By Elizabeth Howell | SPACE
In a few moments, astronaut Chris Hadfield changed from an orbiting Man of Steel-type to one who needs to heal from microgravity’s effects.
Hadfield recently spoke of his Superman-like moments of strength during five months spent on the International Space Station: wielding refrigerators with his fingertips, or somersaulting with a simple tuck and turn.
Coming back to Earth, however, presented operational challenges for the Expedition 35 commander, Hadfield acknowledged in a press conference three days after his May 13 landing aboard a Russian spacecraft touching down in Kazakhstan.

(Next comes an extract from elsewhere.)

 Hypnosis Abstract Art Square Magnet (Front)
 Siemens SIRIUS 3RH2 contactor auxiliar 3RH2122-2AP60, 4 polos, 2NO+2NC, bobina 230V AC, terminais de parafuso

"Right after I landed, I could feel the weight of my lips and tongue and I had to change how I was talking," Hadfield said in the press conference, which was broadcast on the Canadian Space Agency’s website May 16. "I hadn’t realized that I learned to talk with a weightless tongue."
Speech is one issue, but other health effects are more pressing for long-term orbiting astronauts. Bone density lessens at a rate of 1 percent a month. Muscle mass shrinks. Eyeball pressure changes, with roughly one-fifth of astronauts reporting vision issues.
Until about June 3, Hadfield will do an intensive battery of testing and recovery at NASA’s Johnson Space Center in Houston before pursuing an independent physical rehabilitation program for a few months.
Astronaut Chris Hadfield performs cardiovascular testing a few days after his mission returned to Earth May 13, 2013.
The data gathered during this period is crucial not only to ensure his health, but to add more information ahead of the one-year International Space Station crew missions NASA plans to begin in 2015.